REQUIRED WORK: Omit every picture, then return the listing verbatim.

DATASET SECTION:
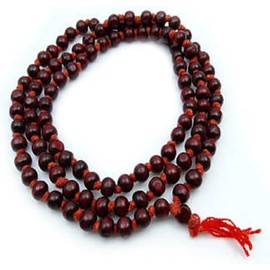 URBANWAZE Rosary Beads Mala Hindu Japa Meditation Yoga Prayer Blesses Energy Puja Mantra Yantra Necklace Brown 108 Beads
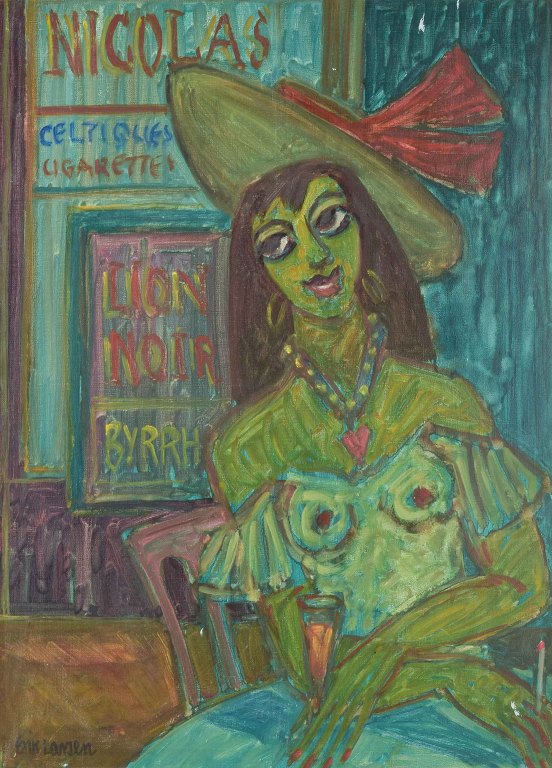 Erik LarsenPainting, portrait of a woman in a bar with hat.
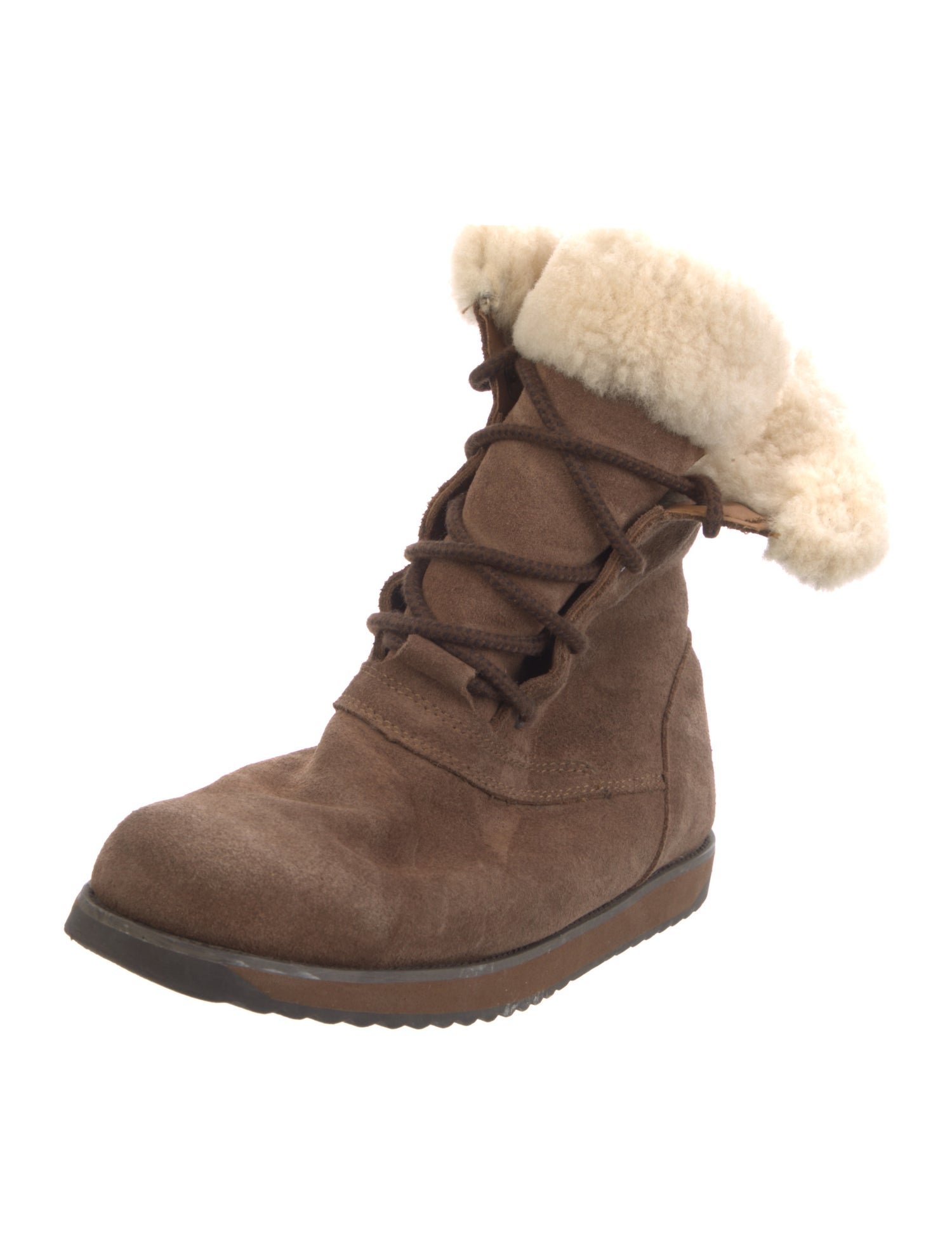 EMU Australia Suede Colorblock Pattern Lace-Up Boots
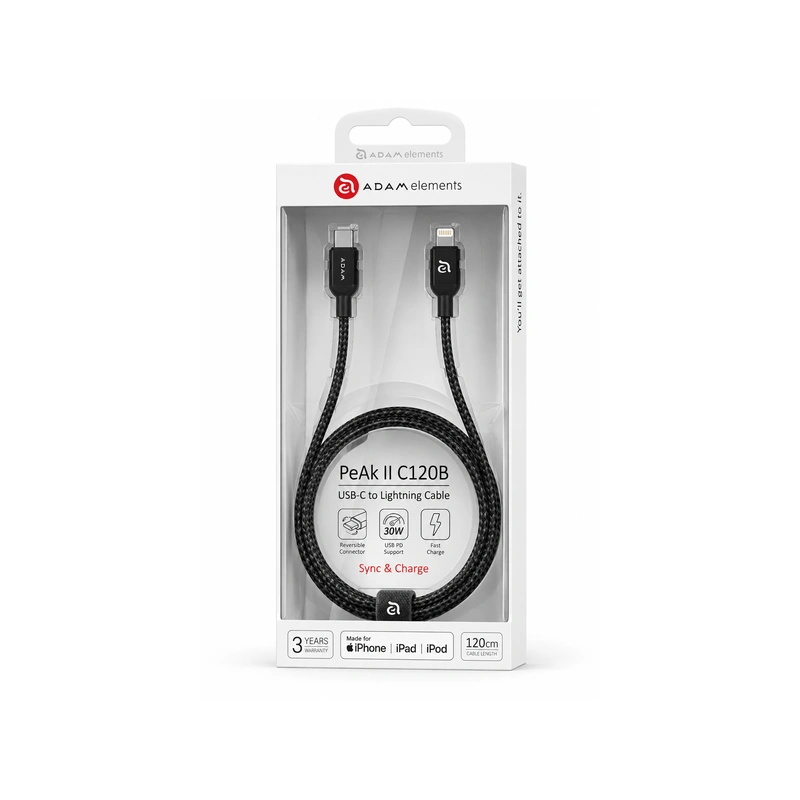 بسته‌بندی کابل ADAM elements PeAk II USB-C to Lightning 1.2m مشکی، نمای جلو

SOLUTION:
 URBANWAZE Rosary Beads Mala Hindu Japa Meditation Yoga Prayer Blesses Energy Puja Mantra Yantra Necklace Brown 108 Beads
 Erik LarsenPainting, portrait of a woman in a bar with hat.
 EMU Australia Suede Colorblock Pattern Lace-Up Boots
 بسته‌بندی کابل ADAM elements PeAk II USB-C to Lightning 1.2m مشکی، نمای جلو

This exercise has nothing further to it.